It may appear as a contradiction after my previous post, but the first thing to do to start analyzing a memory dump is ask yourself: do I really need a dump?!?
Let me explain: when you need to troubleshoot an error there are a number of things to do before really going down the dump path, simply because not all problems can be resolved in that way... keep in mind that a dump is nothing more than a snapshot of a process at a certain point in time, we can try to understand what happened in the past but with some limitations (as long as the details we are looking for are still in memory), and of course we can't know what happened to the process after the dump has been taken; exactly like a picture you can take with your digital camera. For example if you are having problems to remotely debug your application, I hardly think a dump can add any value to your troubleshooting... while in case of a memory leak a dump is one of the first things I ask the customer to provide me (but again there are some things before this step).

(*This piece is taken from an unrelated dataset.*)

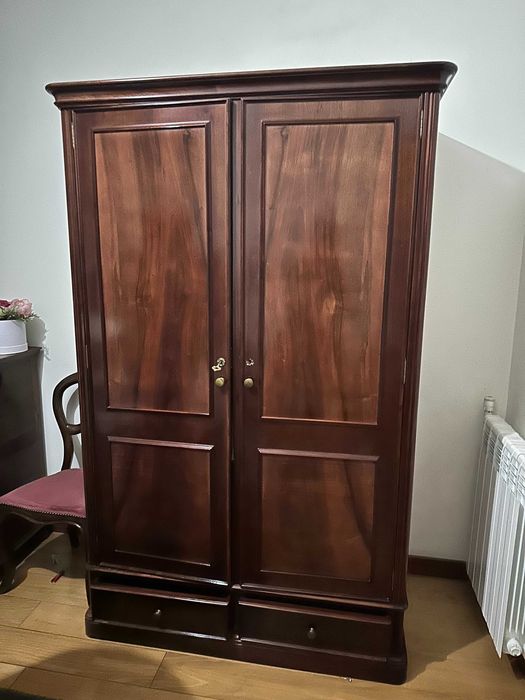 Guarda vestidos antigo com duas gavetas em madeira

What's first, then? Well, as you can guess, the first step is to understand the problem and know the scenario where it reproduces. If you are troubleshooting your own application you should already know most of the details, but if you are a consultant and are helping one of your customers with a weird exception thrown one in a while, you must have an open an ongoing discussion with the people whom developed the application, and maybe with the IT pros whom are maintaining the application and the environment day by day.
Let's assume we have the information we need to start, and we decided we need to capture a dump. But which kind? How? When? Moreover, are you sure you and your customer are talking the same language and using the same terms to name things? I tell you because I learnt this lesson on my own in the hard way... the customer was describing a crash in his application so we configured adplus to run in crash mode, but some some reason we were unable to get a dump when the crash reproduced; we kept trying, but after 3-4 runs we gave up. Finally it turned out that the crash the customer was reporting was "just" an exception not handled in a try...catch block shown to the final user (do you know the yellow/orange ASP.NET error page?) but the worker process was still happily serving requests for other users...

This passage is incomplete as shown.